- Crofts End Location within Bristol
- OS grid reference: ST625745
- Unitary authority: Bristol;
- Ceremonial county: Bristol;
- Region: South West;
- Country: England
- Sovereign state: United Kingdom
- Post town: BRISTOL
- Postcode district: BS
- Dialling code: 0117
- Police: Avon and Somerset
- Fire: Avon
- Ambulance: South Western
- UK Parliament: Bristol East;

= Crofts End =

Area of Bristol, England

Crofts End, also known as Clay Hill, is a suburban neighbourhood of Bristol, England, 2+1/2 mile northeast of The Centre in the Eastville electoral ward. It is an industrialised area, with many small Victorian terraced houses, built when this area was a coal mining community.

Crofts End borders Eastville to the northwest, Whitehall to the southwest, St George to the south, and Speedwell to the east. To the northeast, it is separated from Fishponds by Ridgeway playing fields and Coombe Brook Nature Reserve.

== Churches ==
Crofts End Church was established in 1895 by George Brown, as a Christian work for miner's children in The Freestone Rank, Whitehall Road, it became known as The Miner's Mission. It is now part of the local and much wider community but still very much a family church. The pastor is Andrew Yelland.

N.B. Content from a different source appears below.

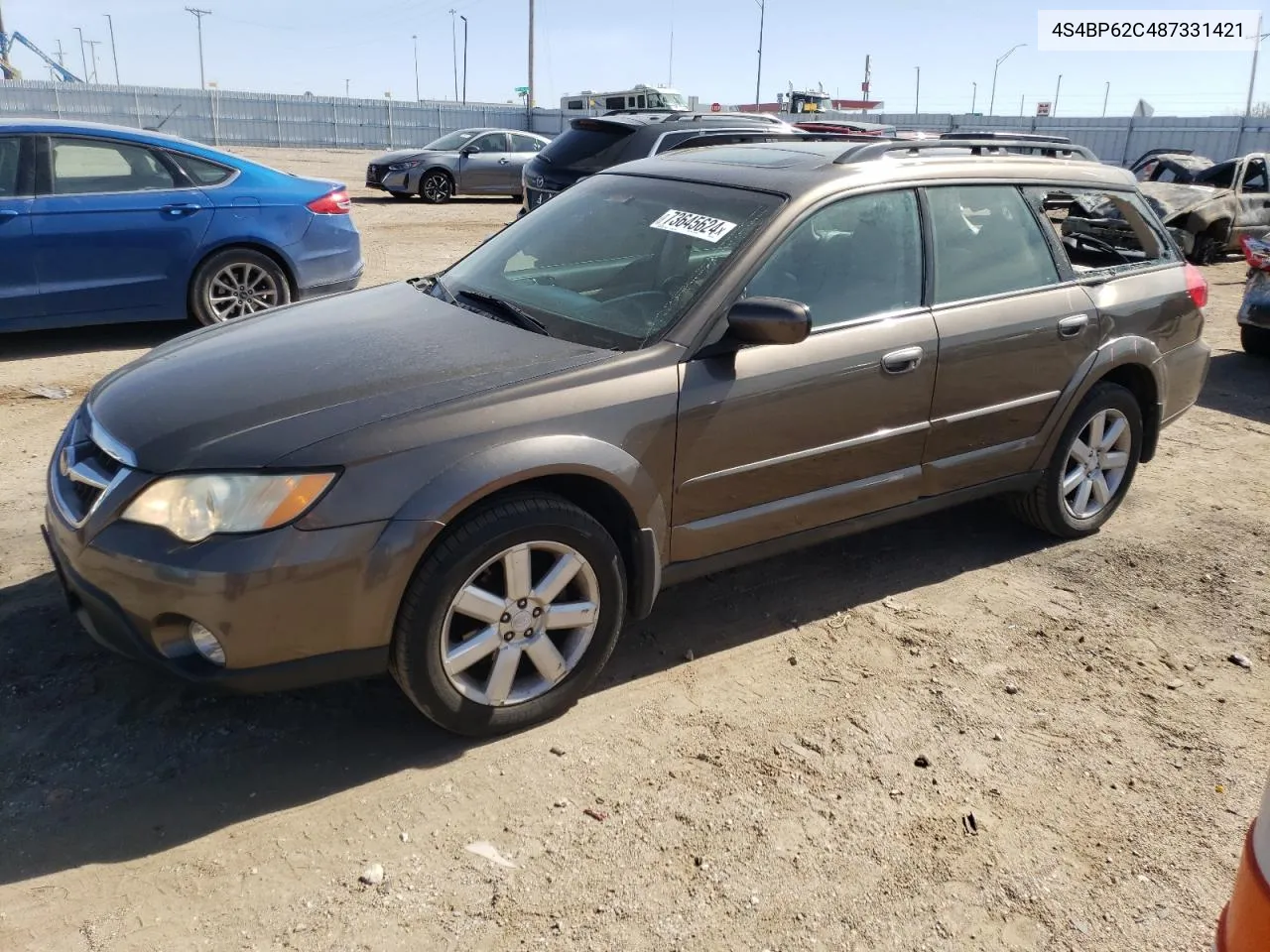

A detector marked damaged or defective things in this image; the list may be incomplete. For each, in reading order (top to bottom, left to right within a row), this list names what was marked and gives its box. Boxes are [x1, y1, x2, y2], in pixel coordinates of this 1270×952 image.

damaged vehicle [1103, 151, 1270, 266]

The church was built on a site bounded by market gardens, a brick works and Deep Pit Colliery. When The Beaufort Arms, then known as The Beatem and Wackem and now called The Wackum Inn was the place where most miners spent their hard earned wages! Hence the need for a children's work in that community.

Another local church was Clay Hill Chapel which was demolished when the industrial estates were built.

== Industry ==
In the 1920s the area consisted primarily of market gardens and a brick and tile works with a clay pit. Over many years, the Market Gardens became housing, White's Brick Works became Somers Wood Yard (now an industrial pallet site) – and Deep Pit Colliery became industrial estates. When Deep Pit closed, men were having to walk underground as far as Frenchay to reach the coal face.

== Housing ==
Crofts End House, located at the junction of Plummer's Hill and Whitehall Avenue, still exists, but no longer as a single dwelling. It has been refurbished and is now part of a housing association development.

The area is undergoing more change as the majority of the prefabs (built by American Service-men as post war housing) in the locality have been demolished, to be replaced with modern housing.

The old, redundant Civil Defence building on the junction of Crofts End Road and Brook Road was demolished and housing association flats were built on the site, now named "Craftes Court".